### Material provided
+ + + +

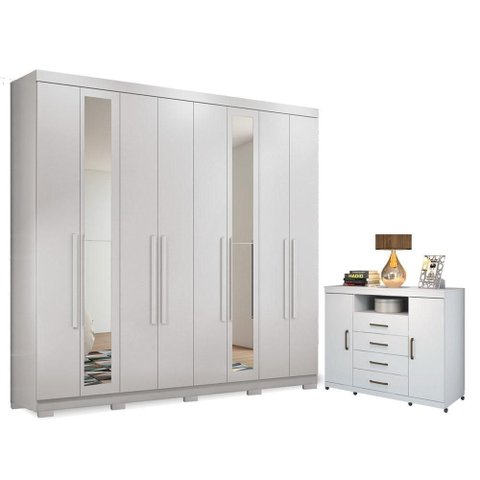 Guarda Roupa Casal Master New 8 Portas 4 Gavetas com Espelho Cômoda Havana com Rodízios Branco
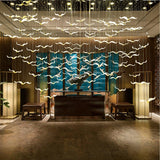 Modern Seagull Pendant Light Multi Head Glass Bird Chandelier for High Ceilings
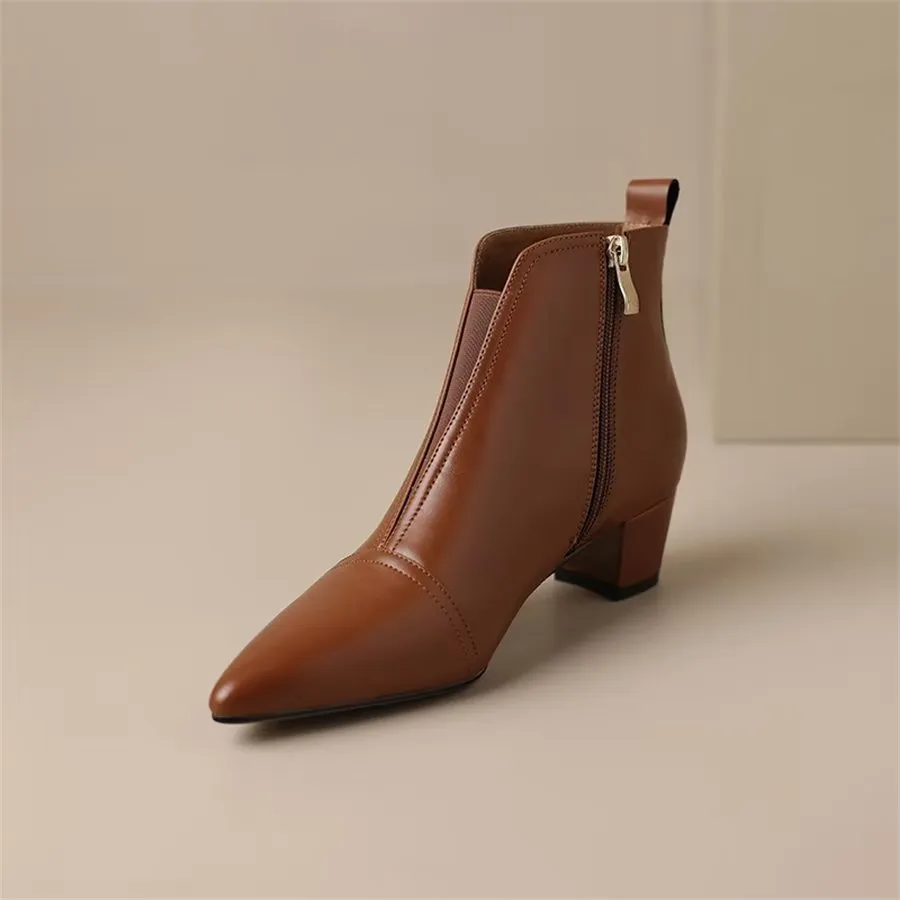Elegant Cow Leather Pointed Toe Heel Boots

+ + + +

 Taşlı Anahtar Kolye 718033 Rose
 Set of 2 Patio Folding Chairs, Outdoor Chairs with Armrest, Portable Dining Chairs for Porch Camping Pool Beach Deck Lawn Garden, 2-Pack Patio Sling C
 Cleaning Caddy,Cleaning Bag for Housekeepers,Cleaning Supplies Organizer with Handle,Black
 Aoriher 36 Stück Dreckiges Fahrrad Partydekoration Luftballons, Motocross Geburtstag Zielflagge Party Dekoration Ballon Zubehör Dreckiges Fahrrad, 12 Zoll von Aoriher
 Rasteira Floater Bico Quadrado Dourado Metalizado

+ + + +

### Exercise
Leave out every picture, and copy exactly the lines above starting at the one holding "Guarda Roupa Casal" and ending at the one holding "Elegant Cow Leather Pointed Toe Heel Boots", no more and no less.

### Reply to the exercise
 Guarda Roupa Casal Master New 8 Portas 4 Gavetas com Espelho Cômoda Havana com Rodízios Branco
 Modern Seagull Pendant Light Multi Head Glass Bird Chandelier for High Ceilings
Elegant Cow Leather Pointed Toe Heel Boots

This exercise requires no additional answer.